Des filières organisées
"Les enquêtes montrent l'existence de filières organisées, ce qui rend les investigations complexes et longues," explique la Préfecture de police de Paris, contactée par RMC Conso.
Deux affaires d'août 2023 et août 2024, mises au jour par la police, révélaient que les vendeurs à la sauvette étaient originaires du Bangladesh, de Birmanie et d'Inde, en situation irrégulière, exploités par un réseau.
Selon la Préfecture de police, "la consommation contribue à alimenter un réseau de travailleurs aux conditions d’emploi indignes", la part revenant aux vendeurs eux-mêmes étant très mince.
Quant aux produits, ils sont extrêmement difficiles à tracer. Lorsqu'on demande au vendeur à la sauvette, gare Saint-Lazare, d'où proviennent ses avocats, il ne peut nous répondre et part à la recherche de l'emballage. Il revient avec une cagette sur laquelle il lit: "Kenya". À notre demande de précisions, il répond:
"Je vais les chercher à Rungis. Je pars tous les matins à 4 heures avec ma camionnette et je reviens ici pour les vendre."
Risque sanitaire
Les différentes enquêtes de police montrent effectivement que ces vendeurs s'approvisionnent au marché de Rungis, mais via un circuit de distribution parallèle plus complexe et organisé que veut nous le faire croire notre interlocuteur: un fournisseur se rend au marché, alimente plusieurs points de livraison tenus par des vendeurs à la sauvette qui reversent ensuite les gains issus des ventes à un collecteur d'argent.
Interrogée à ce sujet par RMC Conso, la Semmaris, la société gestionnaire du marché de Rungis, nous indique que:
"Le Marché d’Intérêt National de Rungis autorise les ventes exclusivement aux professionnels titulaires de cartes acheteurs. Celles-ci ne peuvent être délivrées que par la Semmaris aux professionnels de l’alimentation. Sans la présentation de cette carte, toute transaction commerciale est impossible et strictement interdite. "
Pour lutter contre les falsifications, vols de cartes ou complicités de grossistes au sein du marché, la Semmaris assure "mener régulièrement des opérations de répression des fraudes en étroite collaboration avec la préfecture de police et les pouvoirs publics locaux".
Si l'acheteur, lui, ne risque pas de contravention (seul l'achat de cigarettes à la sauvette est sanctionné), il s'expose toutefois à un danger d'ordre sanitaire, selon la Préfecture de police.
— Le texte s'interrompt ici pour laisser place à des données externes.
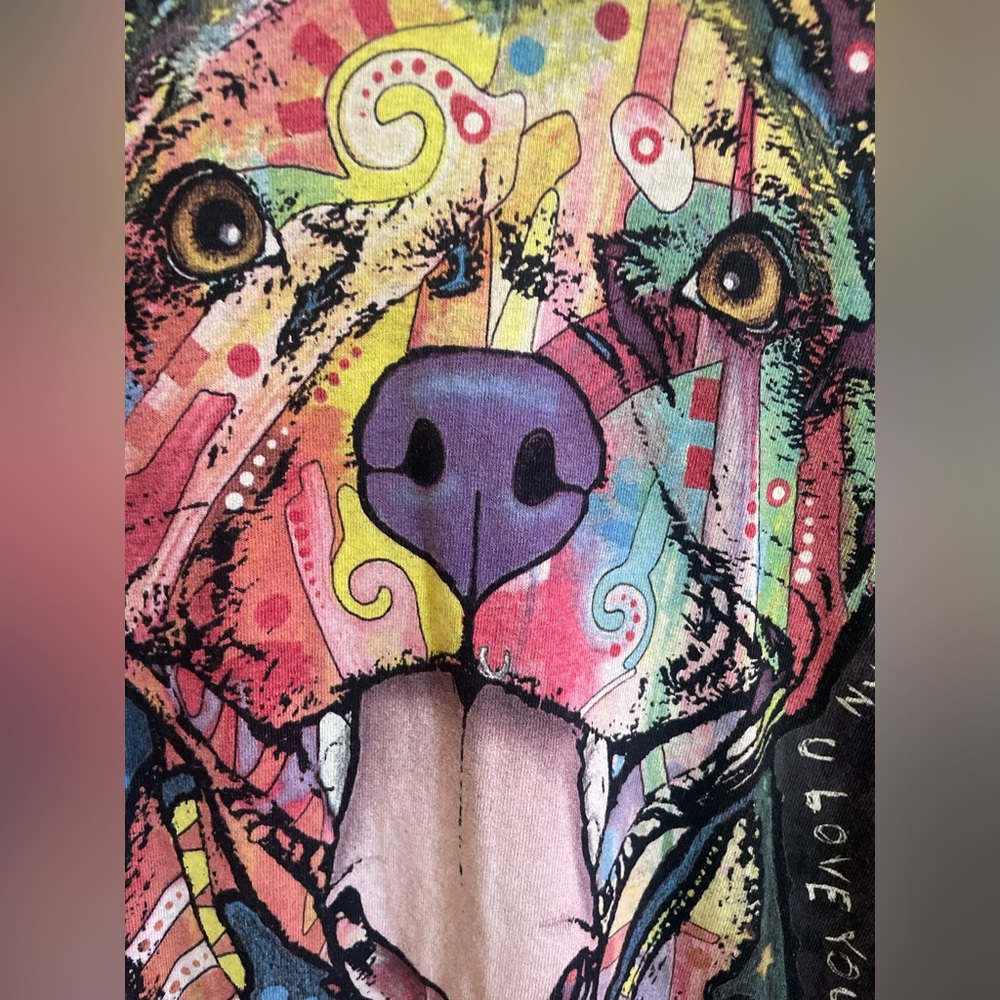 3D TEES tie dye pittie art tee.Art licensed by Dean Russo. EUC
Les conditions de stockage de ces fruits et légumes ne suivent en effet aucune des règles d'hygiène imposées par la règlementation, faisant courir le risque d'accidents alimentaires au consommateur.
"À titre d'exemple, les fruits et légumes entreposés à même le sol dans la rue, peuvent faire l'objet d'une contamination par les urines de rongeurs porteurs de bactéries dangereuses pour le consommateur," détaille la Préfecture de police.
En cas de toxi-infection, l'absence de traçabilité de ces produits ne permet pas de remonter à la source pour identifier le danger et lancer l'alerte.
Concurrence déloyale
Les primeurs, eux, estiment qu'ils subissent une concurrence déloyale. "Cela fait plus de 15 ans qu'on se bat et qu'on pointe du doigt ces vendeurs à la sauvette," expliquent Marie Daniel et Solène Chauveau, responsable communication et juriste au sein de la fédération de syndicats de commerçants de fruits et légumes Saveurs Commerce, contactée par RMC Conso.
"Les têtes de réseaux, qui les exploitent, ont accès à tous les stades de la filière et arrivent à s'approvisionner un peu partout. Ils s'associent à des acheteurs professionnels peu scrupuleux."
"Nous, en tant que primeurs, nous avons beaucoup de règlementations à respecter, une obligation de traçabilité, une formation en hygiène à faire. Eux vendent des produits déclassés, de moindre qualité, posés à même le sol... Mais il y a moins de contrôles car moins d'impact sanitaire que pour la viande," regrettent-elles.
La perte pour les commerçants locaux est estimée à 800.000 euros par an.